▶ _TO DO_
Omitting all images, set down every line below exactly as it appears.

▶ _EXERCISE DATA_

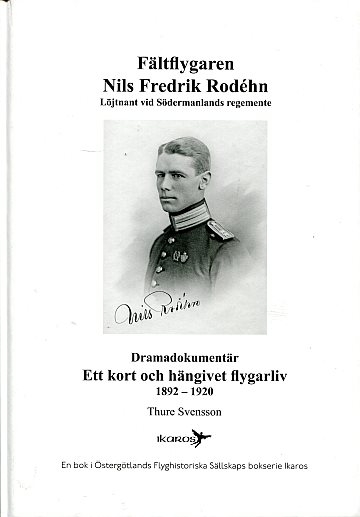 ** Fältflygaren Fredrik Rodéhn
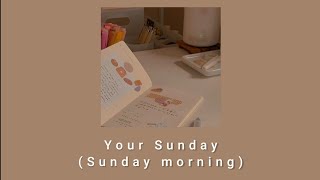 Your Sunday (Sunday Morning) - Sunny Shin, Prod. ampoff (lyrics)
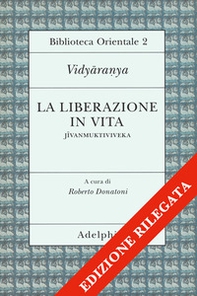 La liberazione in vita (Jivanmuktiviveka) - Librerie.coop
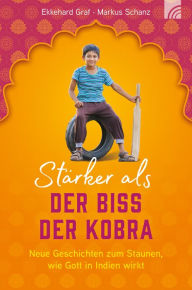 Title: Stärker als der Biss der Kobra: Neue Geschichten zum Staunen, wie Gott in Indien wirkt, Author: Ekkehard Graf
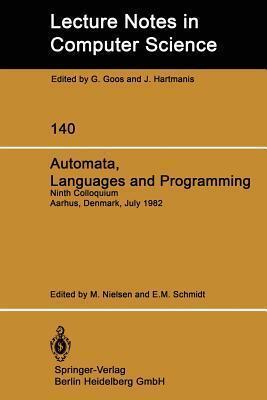 Automata, Languages and Programming: Ninth Colloquium Aarhus, Denmark, July 12-16, 1982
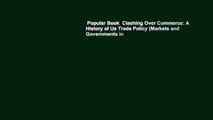 Popular Book  Clashing Over Commerce: A History of Us Trade Policy (Markets and Governments in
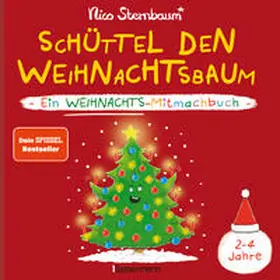 Sternbaum |  Schüttel den Weihnachtsbaum. Ein Weihnachts-Mitmachbuch zum Schütteln, Schaukeln, Pusten, Klopfen und sehen, was dann passiert. Von 2 bis 4 Jahren | Buch |  Sack Fachmedien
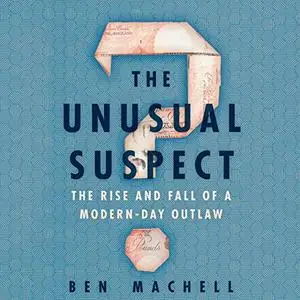 The Unusual Suspect: The Rise and Fall of a Modern-Day Outlaw [Audiobook]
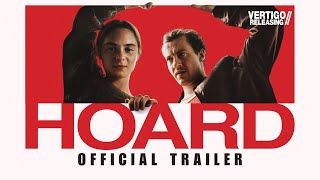 HOARD | Official Trailer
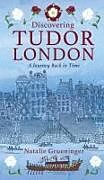 Couverture cartonnée Discovering Tudor London: A Journey Back in Time de Natalie Grueninger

▶ _EXERCISE RESPONSE_
 ** Fältflygaren Fredrik Rodéhn
 Your Sunday (Sunday Morning) - Sunny Shin, Prod. ampoff (lyrics)
 La liberazione in vita (Jivanmuktiviveka) - Librerie.coop
 Title: Stärker als der Biss der Kobra: Neue Geschichten zum Staunen, wie Gott in Indien wirkt, Author: Ekkehard Graf
 Automata, Languages and Programming: Ninth Colloquium Aarhus, Denmark, July 12-16, 1982
 Popular Book  Clashing Over Commerce: A History of Us Trade Policy (Markets and Governments in
 Sternbaum |  Schüttel den Weihnachtsbaum. Ein Weihnachts-Mitmachbuch zum Schütteln, Schaukeln, Pusten, Klopfen und sehen, was dann passiert. Von 2 bis 4 Jahren | Buch |  Sack Fachmedien
 The Unusual Suspect: The Rise and Fall of a Modern-Day Outlaw [Audiobook]
 HOARD | Official Trailer
 Couverture cartonnée Discovering Tudor London: A Journey Back in Time de Natalie Grueninger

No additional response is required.